DATASET CONTENT
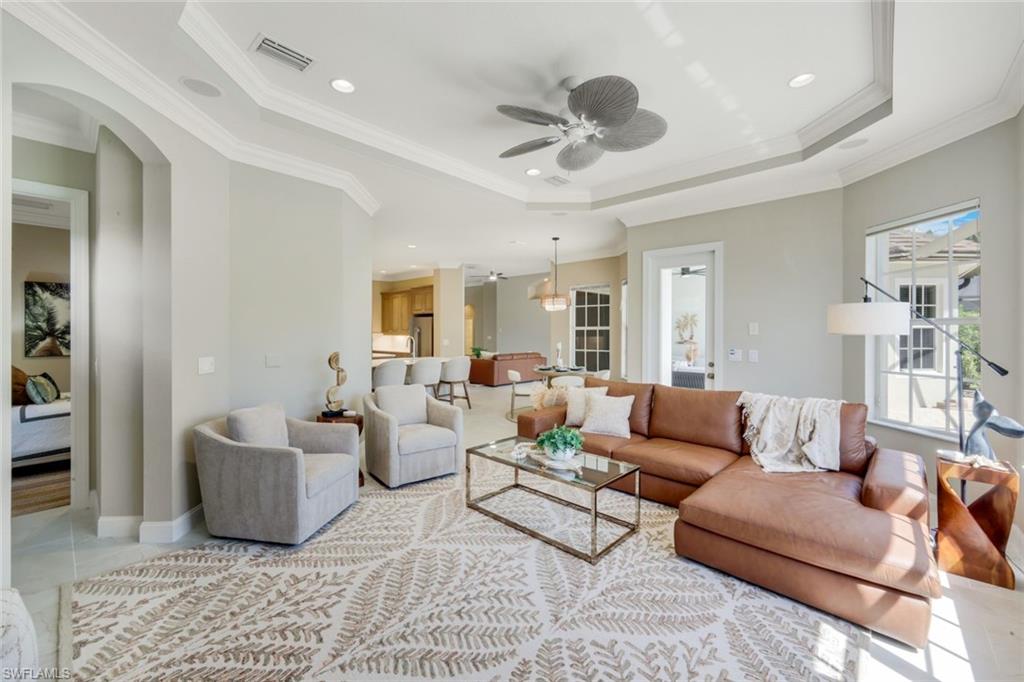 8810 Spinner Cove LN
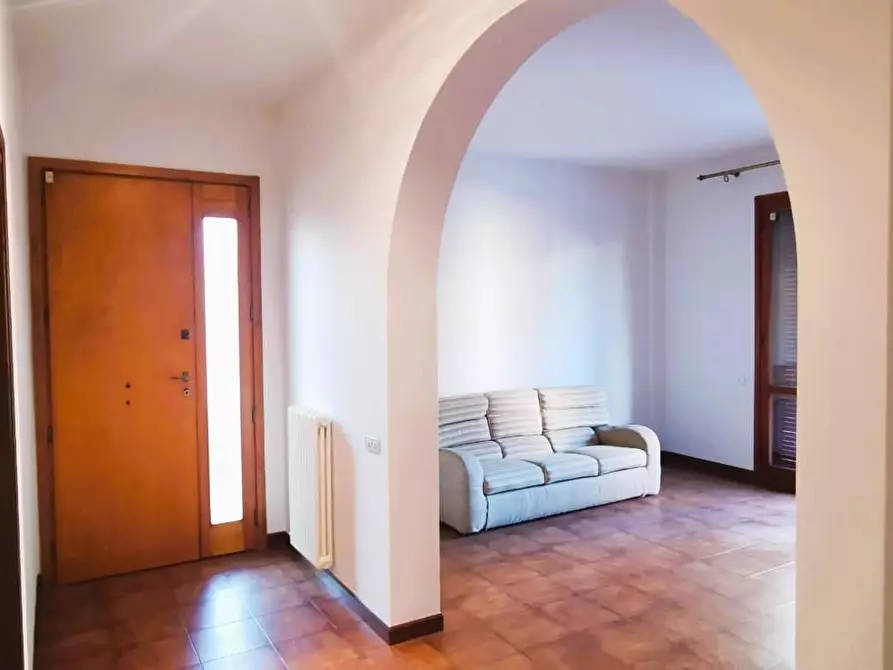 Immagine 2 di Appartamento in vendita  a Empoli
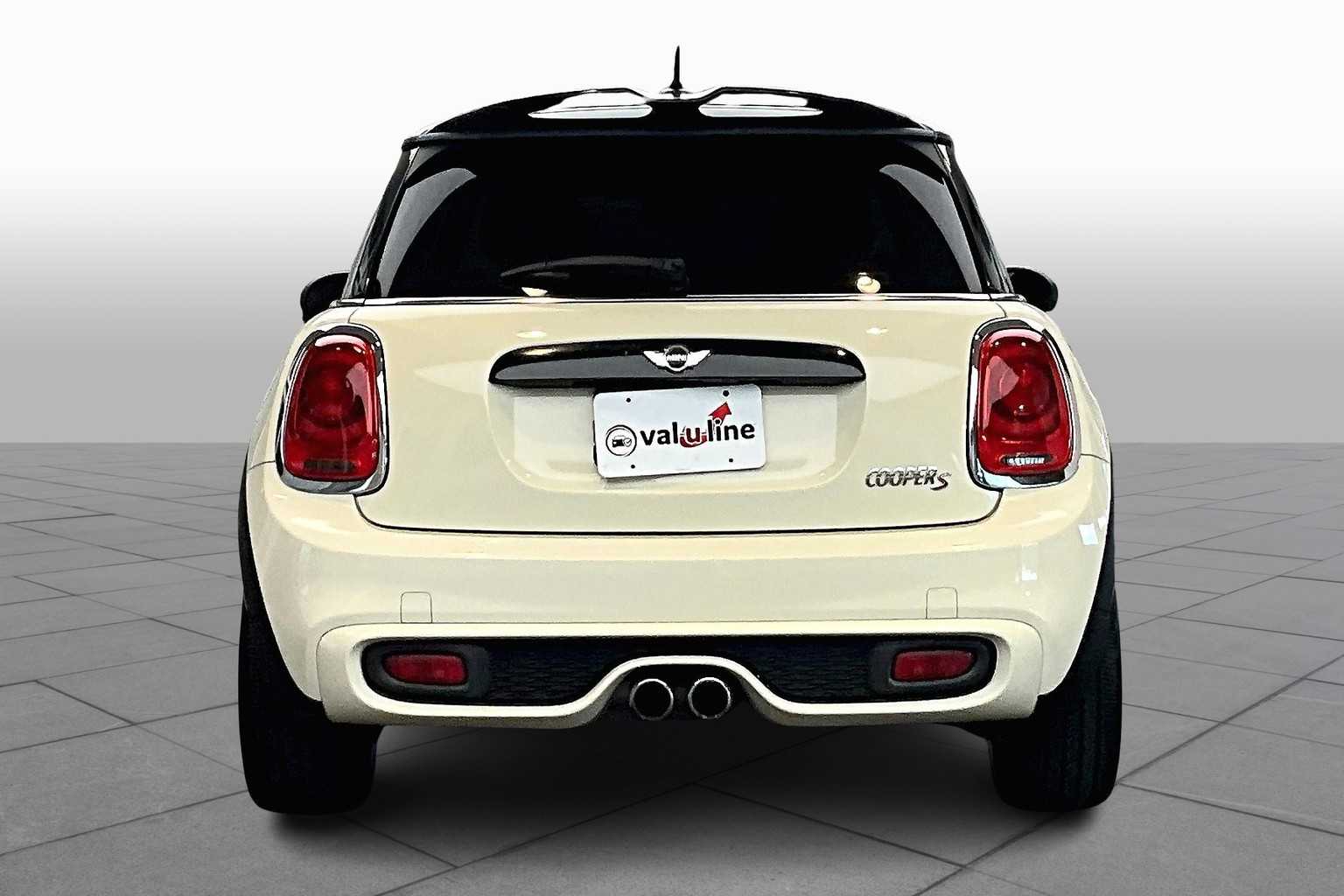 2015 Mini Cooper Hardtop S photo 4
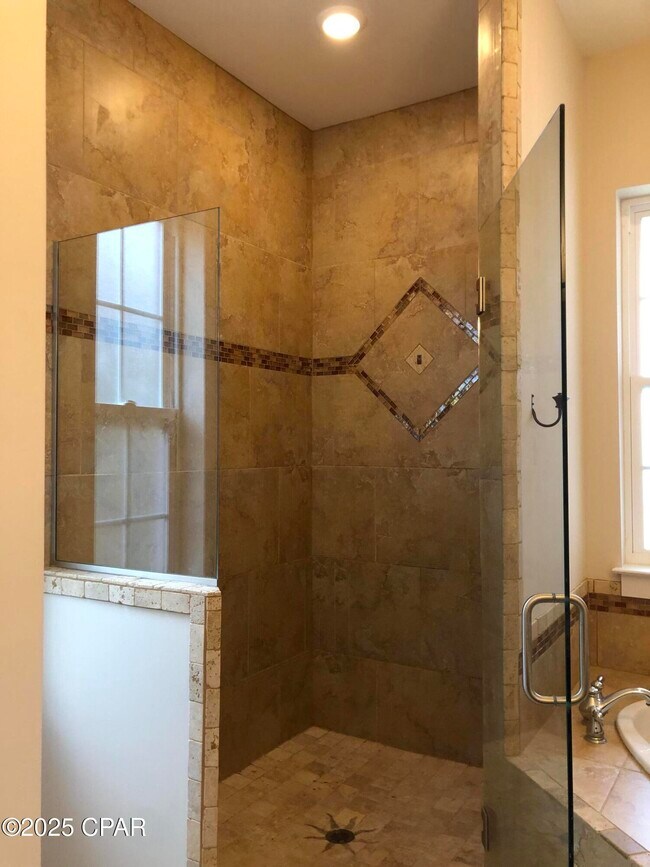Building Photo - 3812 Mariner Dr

EXERCISE PROMPT
Everything from the line that contains "2015 Mini Cooper Hardtop S photo 4" to the final line of the data is to be duplicated exactly, both ends included, except the pictures.

FINISHED EXERCISE
 2015 Mini Cooper Hardtop S photo 4
Building Photo - 3812 Mariner Dr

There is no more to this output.